RYE - Iron Limbs, Floating Stone
Added 2024-02-04 01:54:53 +0000 UTCIron Limbs
It had, for some time, been a known and accepted fact among the slann that any technology acquired from the Uax was at best incomplete without the presence of the creatures. In much the same way that the Geomantic Web buffered and supported the functioning of the lizardmen in an innumerable variety of ways, the Waaagh!!! Field supported the insane contraptions built by its fleshy extrusions, patching over the myriad errors, incompetencies, and physical impossibilities that would otherwise cause all but the simplest orkoid choppas to cease functioning. A basic ork shoota might be missing a trigger, a reload mechanism, or even a barrel connected to where the bullets were stored, and still be able to fire. Trukks and Dakkajets had been examined after being captured in battle and found to be running entirely without fuel, or even engines in some cases. As greenskin technology grew more advanced, the amount of support required by the Waaagh!!! Field grew greater and greater, and the creations more and more likely to simply break when that support was removed. This had made itself most apparent when, after Waaagh!!! Gardakka was broken upon the altar of slann geomancy, all of the sprawling settlements occupied by the greenskins fell to complete ruin in a matter of days. Buildings fell apart, factories spontaneously exploded, walls crumbled without cause, and all evidence of Uax presence had vanished and been replaced by the native Mochantian jungle.
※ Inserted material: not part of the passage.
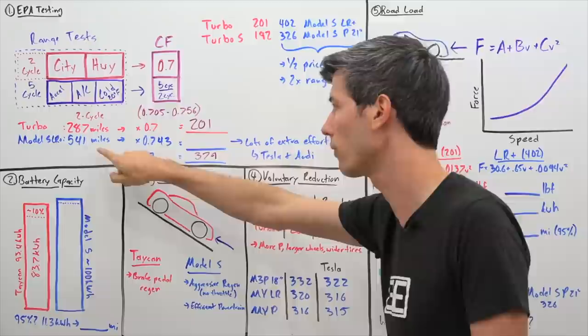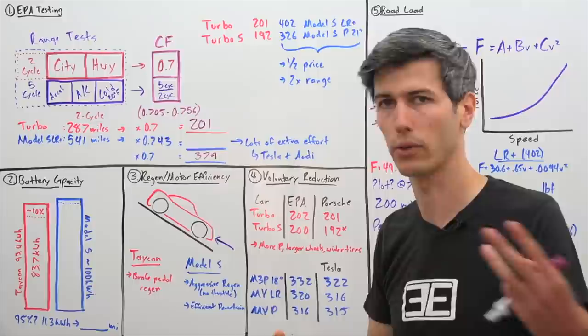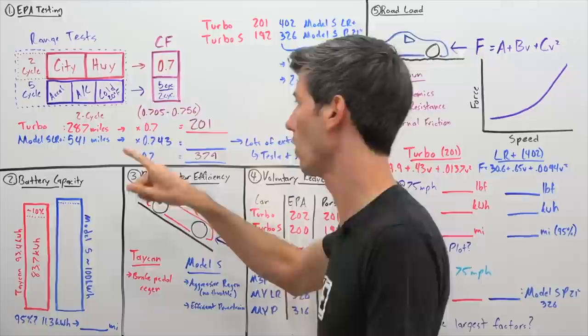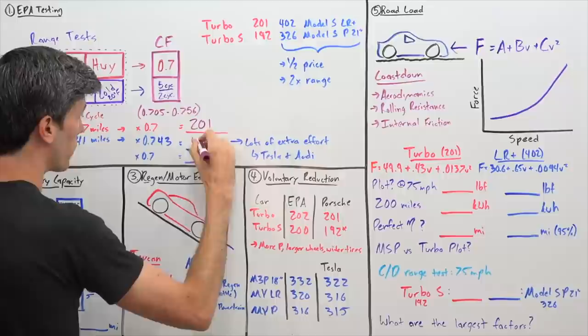The higher the correction factor, the better, because it means less range is taken off your estimate. This is the range Tesla falls in across their product lineup — Model 3, Model Y, Model S. For the Model S Long Range Plus, that correction factor ends up being 0.743, which when multiplied by 541 gives a total range of 402 miles.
It was this phenomenon that made studying the metal prosthetics that had been looted from the war against the greenskins a difficult prospect. Whatever mechanisms of wire and gear that allowed the synthetic limbs to articulate themselves as they did were more complex by far than most examples of greenskin technology, and the pieces had been crafted quite a few decades ago, making them positively geriatric by the standards of Uax creations. The slann had been able to preserve them only by affixing them within potent stasis fields, which rendered it a complicated, inconvenient process to go into the temple where they were held and conduct a proper examination without fear of breaking them. Any entrant had to be quarantined in a magically sterile temple for a day, subjected to multiple cleansing rituals to remove residual background magic from their bodies, and have an access sigil etched into their scales that would allow the stasis spells to envelop them in their time-lock membranes without also freezing them in eternal captivity. The work had to be done in relatively short shifts of thirty hours, after which the access sigils wore off and would have to be reapplied, and most inconvenient of all, no equipment with overt magical properties could be brought within the enclosed temple, necessitating that all the study be done with the use of the naked eye.
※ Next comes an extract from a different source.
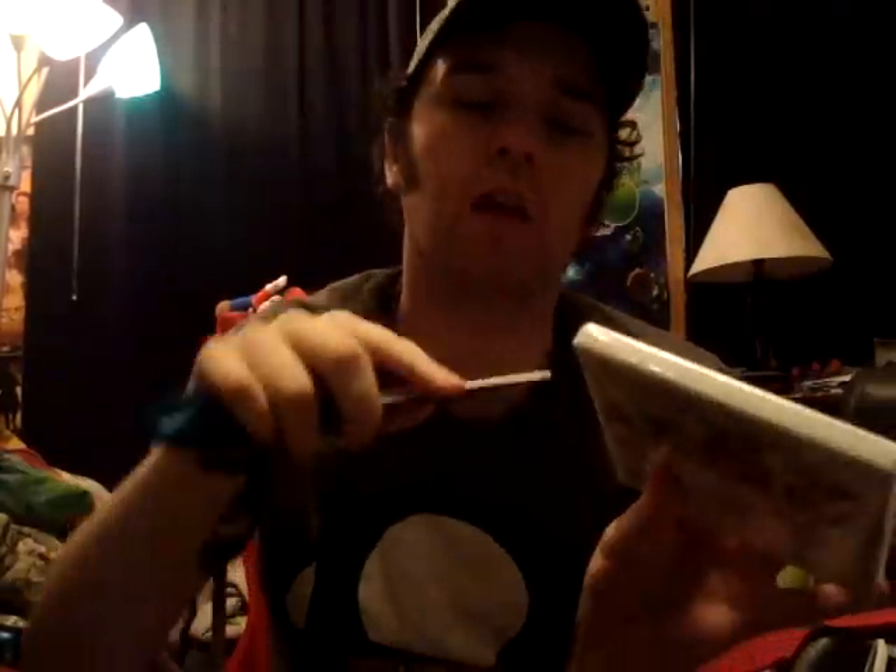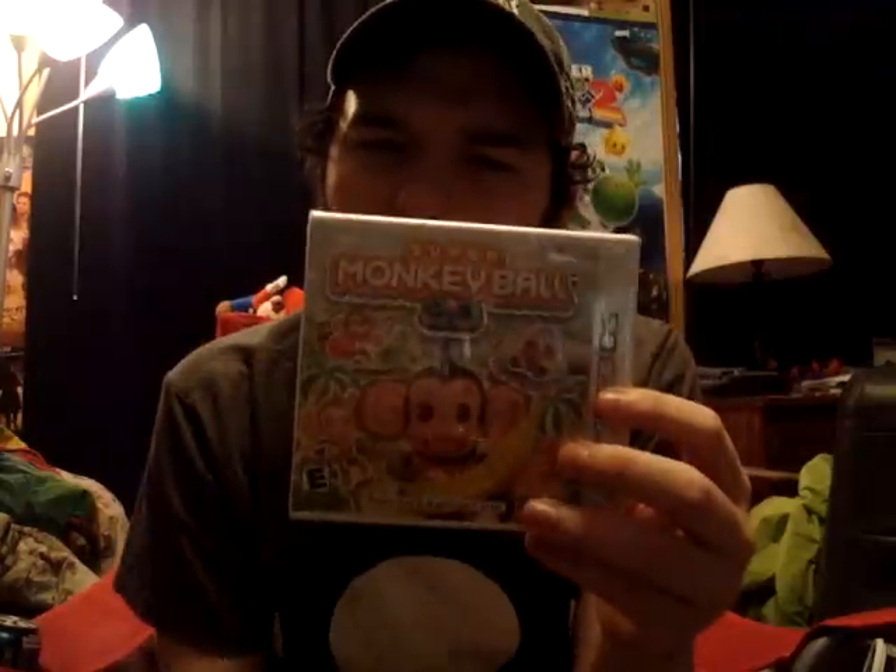Now, Super Monkey Ball 3D. These are probably the two best third-party games on the 3DS right now, especially for launch. I don't know if this came out on launch day — I think it did, I believe so. I know Bust-A-Move did.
Mere difficulty and inconvenience were not enough to dissuade the researchers of the lizardmen, however, and with the attention of the temple-cities no longer turned solely towards their defense, there was no shortage of available minds to collaborate on the project. The temple holding the prosthetics became host to a steady stream of skinks, kroxigors, and even saurus that entered the stasis field to examine the pieces and record their thoughts by carving on tablets of soft stone with their claws. As more and more observations filtered out to the wider public, the lizardmen were able to produce schematics of the metallic limbs, their forging districts playing host to kroxigors assembling roughshod copies in their spare time. The first such examples produced were near-exact replicas of the orkish products, and thus were as nonfunctional as anything made by the greenskins. The iterative process of observation and alteration carried on over the course of several years, and over that time, the holes in the lizardmen’s knowledge grew smaller and smaller, the connections they could draw to their own methods of devising technology more and more apparent.
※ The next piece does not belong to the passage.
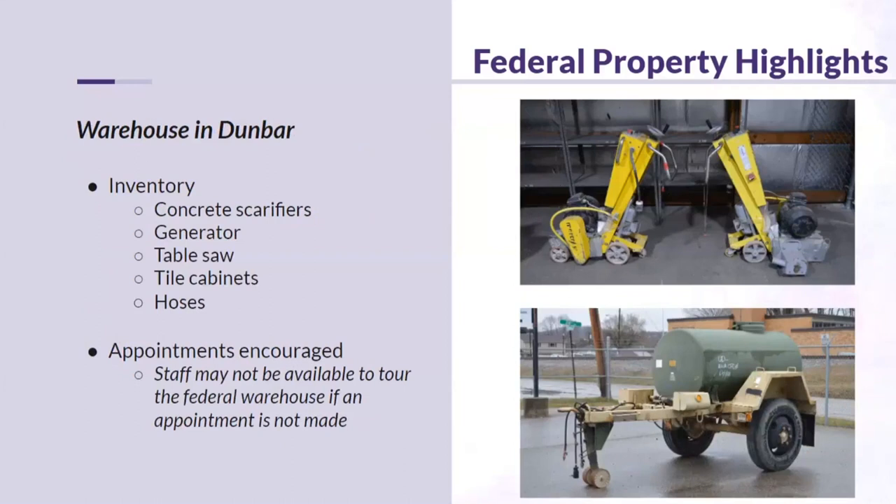We have a federal warehouse located in Dunbar, and we are stocking it up and increasing inventory. Currently we have items such as table saws, hoses, and a water tank available. Eligible organizations only are welcome to visit the site. Appointments are encouraged — not required — but we recommend them so staff is available to tour you through the warehouse.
The rationale of the ork meks who had created the pieces, if such could even be said to exist, slowly became more visible. The tangled webs of wire and cable that spun within the interior of the arms were meant to simulate the motions of tendon and sinew. The strange spiked apparatuses at the ends were not merely to affix the prosthetics to the flesh of their wearers, but to integrate them with their nervous systems so they could move at the mind’s command. Even the reason why the arms resembled mere metallic versions of a standard ork limb and not something more exotic eventually became apparent - without substantial amounts of training, it was difficult for most sapient beings to learn to properly utilize a limb that was foreign to their ordinary capabilities. With sufficient effort, it was possible to mold one’s self-image enough for the soul to begin to adapt to the new capabilities such an exotic prosthetic would allow, such as the multitudinous dexterity of bifurcating limbs. Given that the length of an average ork boy’s life was oftentimes measured in weeks, if not less, it was perhaps unsurprising that a set of limbs designed for such transient soldiers would instead conform to their regular body plan.
Eventually, the discussion surrounding the orkish limbs drifted up high enough in the stratas of lizardmen society that they reached the ears of Kroq-Gar himself. The resemblance between the iron augmentations and his own Hand of the Gods immediately became apparent to the ancient saurus, and he allowed the ancient artifact to be taken and cross-compared. The number of similarities in overall function and structure were striking, despite the Hand of the Gods being a gauntlet rather than a replacement for the limb itself, and almost by accident, the lizardmen found themselves several steps closer to replicating the formidable device.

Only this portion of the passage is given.